LAB/ArchiveBox_ArchiveBox

Fork 0

mirror of https://github.com/ArchiveBox/ArchiveBox.git synced 2026-01-15 08:22:39 +08:00

Nick Sweeting dd77511026

unified Process source of truth and better screenshot tests

2026-01-02 04:20:34 -08:00

10 KiB

Raw Permalink Blame History

Process Model Integration Plan

Current Architecture

Hook Execution Flow

Orchestrator
  ├─> CrawlWorker
  │     └─> Crawl.run() [state machine @started.enter]
  │           └─> run_hook() for on_Crawl__* hooks
  │                 └─> subprocess.Popen (NOT using Process model)
  │
  └─> SnapshotWorker
        └─> Snapshot.run() [planned - doesn't exist yet]
              └─> ArchiveResult.run() [state machine @started.enter]
                    └─> run_hook() for on_Snapshot__* hooks
                          └─> subprocess.Popen (NOT using Process model)

Problem

No Process tracking: run_hook() uses subprocess.Popen directly, never creates Process records
Orphaned Process model: Process model has .launch(), .wait(), .terminate() methods that are NEVER used
Manual process management: SnapshotWorker manually uses psutil for waiting/killing
Duplicate logic: Process model and run_hook() both do subprocess management independently

Unified Architecture

Goal

Make Process model the single source of truth for all subprocess operations:

Hook execution
PID tracking
stdout/stderr capture
Process lifecycle (launch, wait, terminate)

Design

# hooks.py - Thin wrapper
def run_hook(...) -> Process:
    """
    Run a hook using Process model (THIN WRAPPER).

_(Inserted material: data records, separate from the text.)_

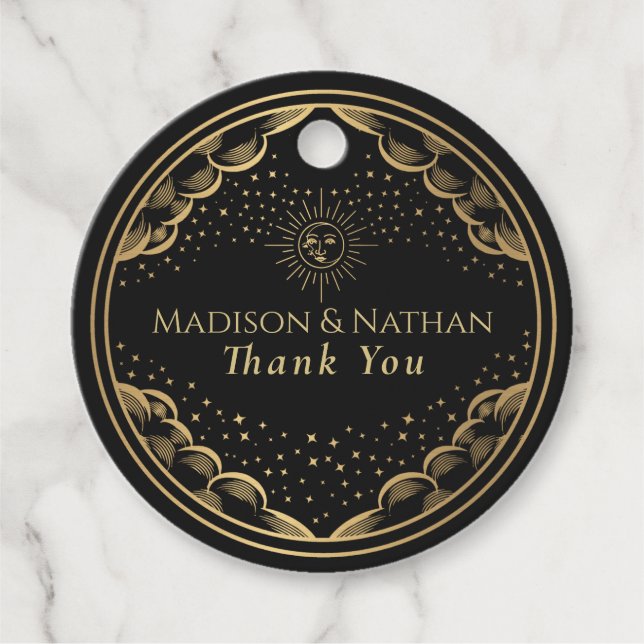 Étiquettes Cadeau Mariage Tarot Sun et Moon (Devant)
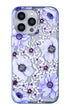 Transparent floral iPhone case in purple tones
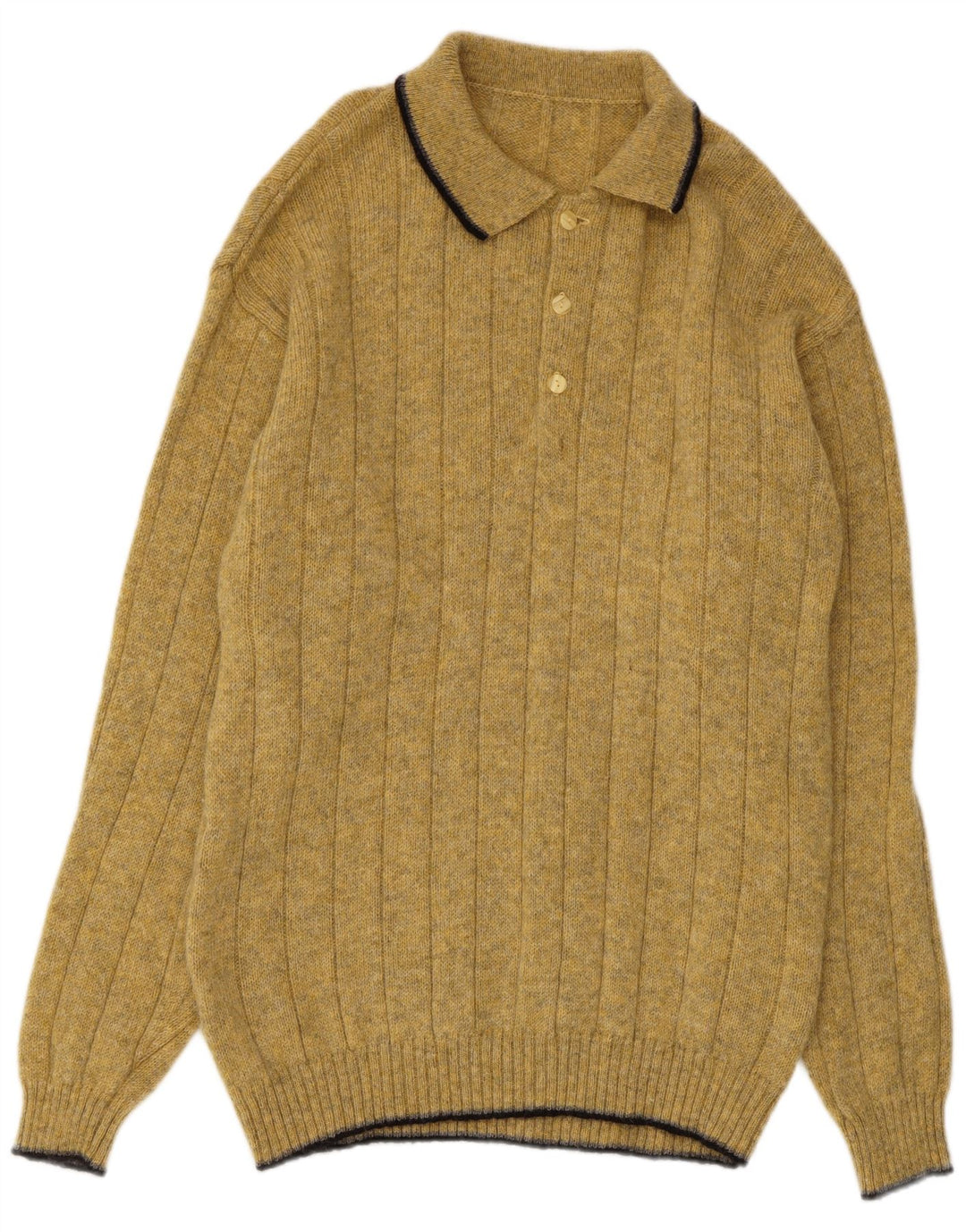 Vintage Mens Polo Neck Jumper Sweater Medium Yellow Wool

    Returns Process model instance for tracking and control.
    """
    from archivebox.machine.models import Process

    # Build command
    cmd = build_hook_cmd(script, kwargs)

    # Use Process.launch() - handles everything
    process = Process.objects.create(
        machine=Machine.current(),
        process_type=Process.TypeChoices.HOOK,
        pwd=str(output_dir),
        cmd=cmd,
        env=build_hook_env(config),
        timeout=timeout,
    )

    # Launch subprocess
    process.launch(background=is_background_hook(script.name))

    return process  # Return Process, not dict


# worker.py - Use Process methods
class SnapshotWorker:
    def _run_hook(self, hook_path, ar) -> Process:
        """Fork hook using Process model."""
        process = run_hook(
            hook_path,
            ar.create_output_dir(),
            self.snapshot.config,
            url=self.snapshot.url,
            snapshot_id=str(self.snapshot.id),
        )

        # Link ArchiveResult to Process
        ar.process = process
        ar.save()

        return process

    def _wait_for_hook(self, process, ar):
        """Wait using Process.wait() method."""
        exit_code = process.wait(timeout=None)

        # Update AR from hook output
        ar.update_from_output()
        ar.status = ar.StatusChoices.SUCCEEDED if exit_code == 0 else ar.StatusChoices.FAILED
        ar.save()

    def on_shutdown(self):
        """
        Terminate all background hooks in parallel with per-plugin timeouts.

        Phase 1: Send SIGTERM to all in parallel (polite request to wrap up)
        Phase 2: Wait for all in parallel, respecting individual plugin timeouts
        Phase 3: SIGKILL any that exceed their timeout

        Each plugin has its own timeout (SCREENSHOT_TIMEOUT=60, YTDLP_TIMEOUT=300, etc.)
        Some hooks (consolelog, responses) exit immediately on SIGTERM.
        Others (ytdlp, wget) need their full timeout to finish actual work.
        """
        # Send SIGTERM to all processes in parallel
        for hook_name, process in self.background_processes.items():
            os.kill(process.pid, signal.SIGTERM)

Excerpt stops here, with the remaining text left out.